At present, two main strategies exist to achieve low-dose CT (LDCT). The first strategy is to reduce the X-ray flux towards each detector element while the number of X-ray attenuation measurements is sufficient, and the second strategy is to decrease the number of X-ray attenuation measurements while the X-ray flux towards each detector element is normal. The first strategy is implemented by adjusting the tube current, tube voltage and exposure time of an X-ray tube. The second strategy produces insufficient projection data, suffering from few-view or limited-angle. Both of these strategies will lead to reconstruction results with artifacts. Thus, both strategies have high requirements for reconstruction algorithms and represent a major opportunity for algorithmic research.

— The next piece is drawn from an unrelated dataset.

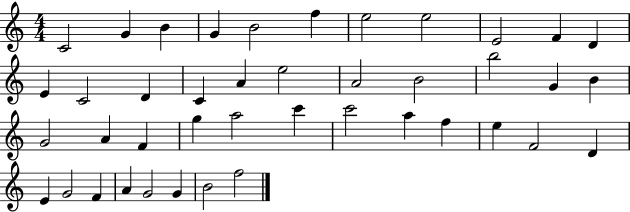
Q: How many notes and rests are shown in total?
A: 42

Various techniques have been extensively investigated to reduce the radiation dose in CT examinations. Among them, statistical iterative reconstruction (SIR) methods that model the measurement statistics and imaging geometry allow the radiation dose to be reduced significantly while maintaining image quality in various CT applications compared with the filtered back-projection (FBP) reconstruction algorithm [4, 5]. Total variation (TV) has become a more popular form of prior knowledge than FBP. TV prior knowledge is based on the piecewise constant property of the CT image, which indicates that the image should have a small TV value. In practice, TV-based methods such as the adaptive steepest descent projection to convex set (ASD-POCS) method reconstruct CT images by solving TV minimization problems and use iterative optimization to find the minimal TV solutions [6–12].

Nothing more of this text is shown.